E o balão subia. Nenhuma aragem, nenhuma nuvem. Todos os ventos dormiam. Curiango segurava fortemente no disco de madeira. Sobre sua cabeça estouravam bombas, estrelejavam bichas, queimando-lhe as mãos,
chamuscando-lhe o rosto. Uma baforada de fumo espesso e quente envolveu-lhe a cabeça, sufocando-o. Os braços erguidos começaram a esfriar, as mãos entraram de doer, de escorregar...
Embaixo, a cidade apareceu-lhe sulcada por grandes rios luminosos. Só então teve medo. Mas o balão subia, subia. Num desesperado esforço, agitou o corpo no vácuo e conseguiu entalar uma das mãos na alça que
sutinha o balão quando em terra. Depois, fez o mesmo com a outra mão. Estava crucificado na noite. E o balão subia.

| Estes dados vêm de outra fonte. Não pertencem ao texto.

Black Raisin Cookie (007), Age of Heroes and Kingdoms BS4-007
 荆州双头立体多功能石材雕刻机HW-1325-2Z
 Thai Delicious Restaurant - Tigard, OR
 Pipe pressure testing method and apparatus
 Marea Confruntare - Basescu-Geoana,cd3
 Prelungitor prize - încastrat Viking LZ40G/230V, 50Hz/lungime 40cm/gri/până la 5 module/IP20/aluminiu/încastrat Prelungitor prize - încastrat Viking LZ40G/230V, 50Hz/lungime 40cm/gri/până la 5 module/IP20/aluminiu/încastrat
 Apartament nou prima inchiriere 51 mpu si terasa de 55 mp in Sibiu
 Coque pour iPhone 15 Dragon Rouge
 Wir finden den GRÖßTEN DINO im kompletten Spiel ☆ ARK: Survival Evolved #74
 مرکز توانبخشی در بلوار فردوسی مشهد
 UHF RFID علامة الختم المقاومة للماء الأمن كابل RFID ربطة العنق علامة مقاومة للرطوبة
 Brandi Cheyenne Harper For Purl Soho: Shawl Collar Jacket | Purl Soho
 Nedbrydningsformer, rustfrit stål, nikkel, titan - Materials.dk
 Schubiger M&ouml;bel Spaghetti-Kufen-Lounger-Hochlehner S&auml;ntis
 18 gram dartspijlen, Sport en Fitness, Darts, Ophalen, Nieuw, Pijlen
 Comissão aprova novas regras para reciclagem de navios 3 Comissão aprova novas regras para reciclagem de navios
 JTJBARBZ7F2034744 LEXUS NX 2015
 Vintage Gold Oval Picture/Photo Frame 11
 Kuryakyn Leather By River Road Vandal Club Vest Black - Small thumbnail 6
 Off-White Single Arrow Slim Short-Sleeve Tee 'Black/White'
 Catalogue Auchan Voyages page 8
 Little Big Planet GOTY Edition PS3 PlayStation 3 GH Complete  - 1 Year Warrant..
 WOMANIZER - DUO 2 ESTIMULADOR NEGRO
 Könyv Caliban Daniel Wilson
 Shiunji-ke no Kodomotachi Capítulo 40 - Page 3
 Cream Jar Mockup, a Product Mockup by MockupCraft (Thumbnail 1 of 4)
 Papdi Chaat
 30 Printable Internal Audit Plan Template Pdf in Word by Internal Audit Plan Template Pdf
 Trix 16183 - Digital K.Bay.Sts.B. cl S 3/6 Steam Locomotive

Uma dor lancinante fê-lo uivar. Era a mecha que se derretia, pingando sobre a sua cabeça grandes lágrimas de breu incandescente. A carapinha tornou-se-lhe um emplastro ígneo; escorreu por detrás das orelhas, pelo
rosto, como grandes taturanas de fogo. A roupa incendiou e, de tão escassa que era, caiu desfeita em cinza, sem o ter matado. Ele ainda vivia com toda a sua sensibilidade animal, com toda a sua pequenina consciência de homem rudimentar. O balão
furava o ar, subia.
As lágrimas de fogo continuaram a cair, tirando-lhe retalhos de couro. Eram tantas que, dentro em pouco, ele estava despido da própria pele. E vivia, e fazia todo o esforço para não cair, enquanto a esfera se
elevava a prumo, resplandecente, entre o calabouço e a liberdade azul.